On 10/22/2012 09:28 AM, Juergen Beisert wrote:
> Hi Sylwester,
>
> Sylwester Nawrocki wrote:
>> [...]
>> [    2.455000] NAND device: Manufacturer ID: 0xec, Chip ID: 0xf1 (Samsung NAND 128MiB 3,3V 8-bit), 8
>> [    2.460000] 4 cmdlinepart partitions found on MTD device nand
>> [    2.465000] Creating 4 MTD partitions on "nand":
>> [    2.470000] 0x000000000000-0x000000080000 : "barebox"
>> [    2.475000] mtd: partition "barebox" doesn't end on an erase block -- force read-only
>> ^^^^^^^^^^^^^^^^^^^^^^^^^^^^^^^^^^^^^^^^^^^^^^^^^^^^^^^^^^^^^^^^^^^^
>> This "force read-only" doesn't happen with v3.6.
>
> This looks to me the NAND database uses a wrong block size for this NAND
> device. This device has 128 kiB block sizes. So, a 512 kiB partition
> *is* block aligned.
>
> Maybe you should take a look into the generic code, what block size the
> 3.7-rc1 uses for this NAND.

Thanks a lot for these pointers. I've found that the commit causing this
regression is this one:

commit e2d3a35ee427aaba99b6c68a56609ce276c51270
Author: Brian Norris <computersforpeace@gmail.com>
Date:   Mon Sep 24 20:40:55 2012 -0700

     mtd: nand: detect Samsung K9GBG08U0A, K9GAG08U0F ID

     Datasheets for the following Samsung NAND parts (both MLC and SLC) 
describe
     extensions to the Samsung 6-byte extended ID decoding table:

     K9GBG08U0A (MLC, 6-byte ID)
     K9GAG08U0F (MLC, 6-byte ID)
     K9FAG08U0M (SLC, 6-byte ID)

     The table found in K9GAG08U0F, p.44, contains a superset of the 
information
     found in other previous datasheets.

     This patch adds support for all of these chips, with 512B and 640B 
OOB sizes.
     It also changes the detection pattern such that this table applies 
to all
     Samsung 6-byte ID NAND, not just MLC. This is safe, according to 
the NAND
     parameter data I have collected:

     Note that nand_base.c does not yet support the bad block marker 
scheme defined
     for these chips (i.e., scan 1st and last page for BB markers).

     Signed-off-by: Brian Norris <computersforpeace@gmail.com>
     Signed-off-by: Artem Bityutskiy <artem.bityutskiy@linux.intel.com>


When I revert it the crash is gone and everything works well.

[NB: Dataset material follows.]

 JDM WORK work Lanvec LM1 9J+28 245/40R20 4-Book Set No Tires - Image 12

The Flash
chip is K9F1G08U0C and according to the datasheet it has 5 byte ID.
However nand_id_len() returns 6 and id_data[] is: ec, f1, 00, 95, 40, ec.

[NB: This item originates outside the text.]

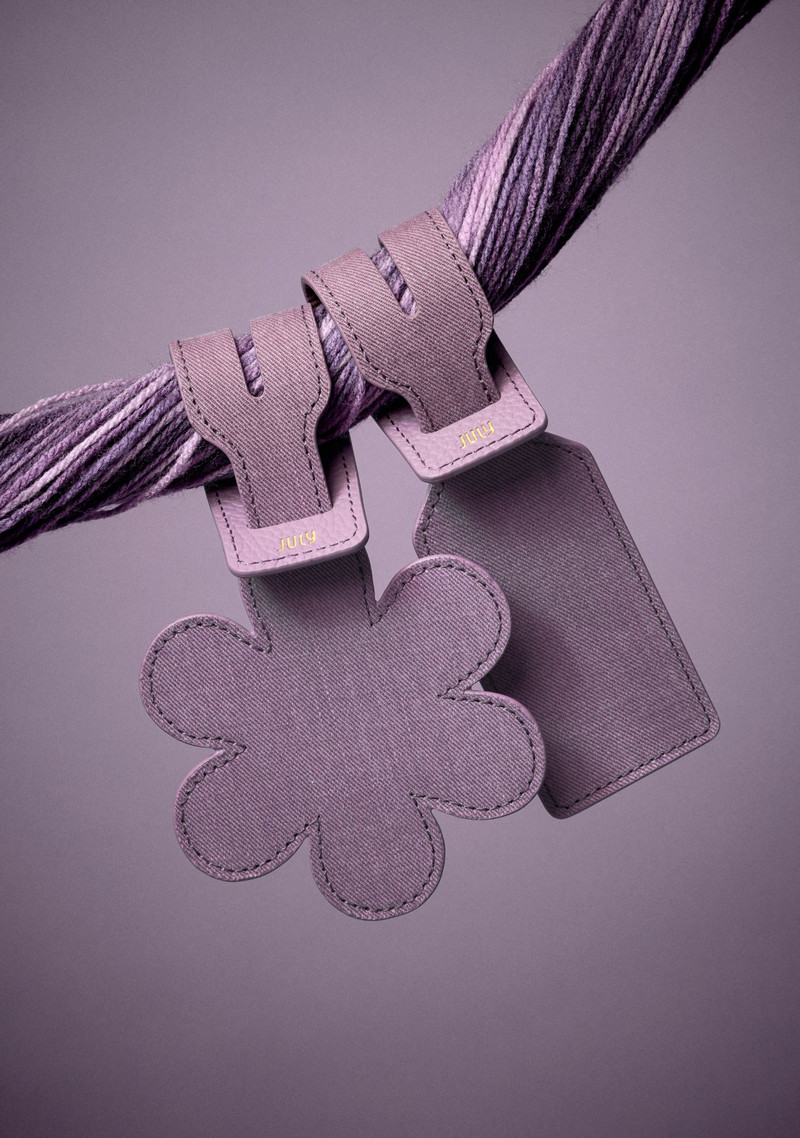 July Classic Luggage Tag outlook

I've found a mail thread where similar issue has been discussed [1]. It 
seems
the mentioned chunk in commit
"mtd: nand: add generic READ ID length calculation functions"

is missing. Still it doesn't fix the problem for me.
Brian Norris - Nov. 13, 2012, 7:54 a.m.
Hi Sylwester,

On Mon, Nov 12, 2012 at 3:18 PM, Sylwester Nawrocki
<sylvester.nawrocki@gmail.com> wrote:
> On 10/22/2012 09:28 AM, Juergen Beisert wrote:
>> Sylwester Nawrocki wrote:
>>>
>>> [...]
>>> [    2.455000] NAND device: Manufacturer ID: 0xec, Chip ID: 0xf1 (Samsung
>>> NAND 128MiB 3,3V 8-bit), 8
>>> [    2.460000] 4 cmdlinepart partitions found on MTD device nand
>>> [    2.465000] Creating 4 MTD partitions on "nand":
>>> [    2.470000] 0x000000000000-0x000000080000 : "barebox"
>>> [    2.475000] mtd: partition "barebox" doesn't end on an erase block --
>>> force read-only
>>> ^^^^^^^^^^^^^^^^^^^^^^^^^^^^^^^^^^^^^^^^^^^^^^^^^^^^^^^^^^^^^^^^^^^^
>>> This "force read-only" doesn't happen with v3.6.
>>
>> This looks to me the NAND database uses a wrong block size for this NAND
>> device. This device has 128 kiB block sizes. So, a 512 kiB partition
>> *is* block aligned.
>>
>> Maybe you should take a look into the generic code, what block size the
>> 3.7-rc1 uses for this NAND.
>
> Thanks a lot for these pointers. I've found that the commit causing this
> regression is this one:
>
> commit e2d3a35ee427aaba99b6c68a56609ce276c51270
> Author: Brian Norris <computersforpeace@gmail.com>
> Date:   Mon Sep 24 20:40:55 2012 -0700
>
>     mtd: nand: detect Samsung K9GBG08U0A, K9GAG08U0F ID

Yes, this patch is already known to cause at least one type of
regression. There's been a fix for a while but David still has
neglected to send it to Linus. It seems that you have quoted it below,
though, and it may not fix your particular regression.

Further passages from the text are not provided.